Cztery godziny snu to jak sześć piw

Zdaniem ekipy Moore'a, wśród czynników podwyższających ryzyko spowodowania wypadku są: wiek 18-29 lat, kierowanie samochodem, spożywanie alkoholu i niewyspanie. Z badań wynika, że zaledwie cztery godziny snu powodują osłabienie podobne temu, które odczuwa się po wypiciu sześciu piw - powiedział Christopher Drake ze szpitala im. Henry'ego w Detroit, specjalizującego się w leczeniu zaburzeń snu. Jeśli ktoś nie śpi całą noc, można to przyrównać do 1,9 promila alkoholu we krwi - dodał.

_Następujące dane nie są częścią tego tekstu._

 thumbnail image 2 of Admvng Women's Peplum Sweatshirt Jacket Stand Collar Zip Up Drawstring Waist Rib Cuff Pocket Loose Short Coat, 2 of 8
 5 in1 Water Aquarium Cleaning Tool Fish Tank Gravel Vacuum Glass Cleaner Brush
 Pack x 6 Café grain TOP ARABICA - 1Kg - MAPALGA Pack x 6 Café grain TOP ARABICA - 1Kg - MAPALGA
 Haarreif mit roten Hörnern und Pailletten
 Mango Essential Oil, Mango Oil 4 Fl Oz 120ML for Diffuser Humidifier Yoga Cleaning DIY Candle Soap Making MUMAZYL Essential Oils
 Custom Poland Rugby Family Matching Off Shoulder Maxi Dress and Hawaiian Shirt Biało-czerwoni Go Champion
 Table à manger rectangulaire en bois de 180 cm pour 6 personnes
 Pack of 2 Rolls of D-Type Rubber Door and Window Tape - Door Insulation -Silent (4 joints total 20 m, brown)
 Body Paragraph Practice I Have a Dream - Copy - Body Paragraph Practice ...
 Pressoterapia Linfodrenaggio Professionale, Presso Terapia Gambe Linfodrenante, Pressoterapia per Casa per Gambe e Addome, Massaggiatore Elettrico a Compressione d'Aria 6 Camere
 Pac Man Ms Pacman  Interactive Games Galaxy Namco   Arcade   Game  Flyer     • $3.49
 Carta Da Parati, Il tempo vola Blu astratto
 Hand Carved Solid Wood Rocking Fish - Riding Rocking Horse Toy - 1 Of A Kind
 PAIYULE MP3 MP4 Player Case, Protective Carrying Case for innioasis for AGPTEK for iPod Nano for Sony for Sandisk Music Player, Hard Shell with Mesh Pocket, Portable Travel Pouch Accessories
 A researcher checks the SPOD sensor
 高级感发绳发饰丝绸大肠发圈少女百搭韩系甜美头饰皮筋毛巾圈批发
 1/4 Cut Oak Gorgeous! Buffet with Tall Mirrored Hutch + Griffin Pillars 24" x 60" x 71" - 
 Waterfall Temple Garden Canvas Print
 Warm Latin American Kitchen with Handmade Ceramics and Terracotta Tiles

13 proc. kierowców przyznaje, że prowadziło po alkoholu

Z badań przeprowadzonych przez OBOP w 2011 roku wynika, że prawie 13 proc. badanych kierowców przyznaje się, że prowadziło samochód po alkoholu. Do tego trzeba jeszcze doliczyć sporą grupę tych, którzy siadają za kółko na kacu, myśląc, że wszystko jest w porządku.

To jednak jeszcze nie największy problem. Badania wykazały bowiem, że pijani kierowcy najczęściej siadają za kierownicą zupełnie świadomie, usprawiedliwiając swoje postępowanie wyższą koniecznością lub małą ilością wypitego trunku.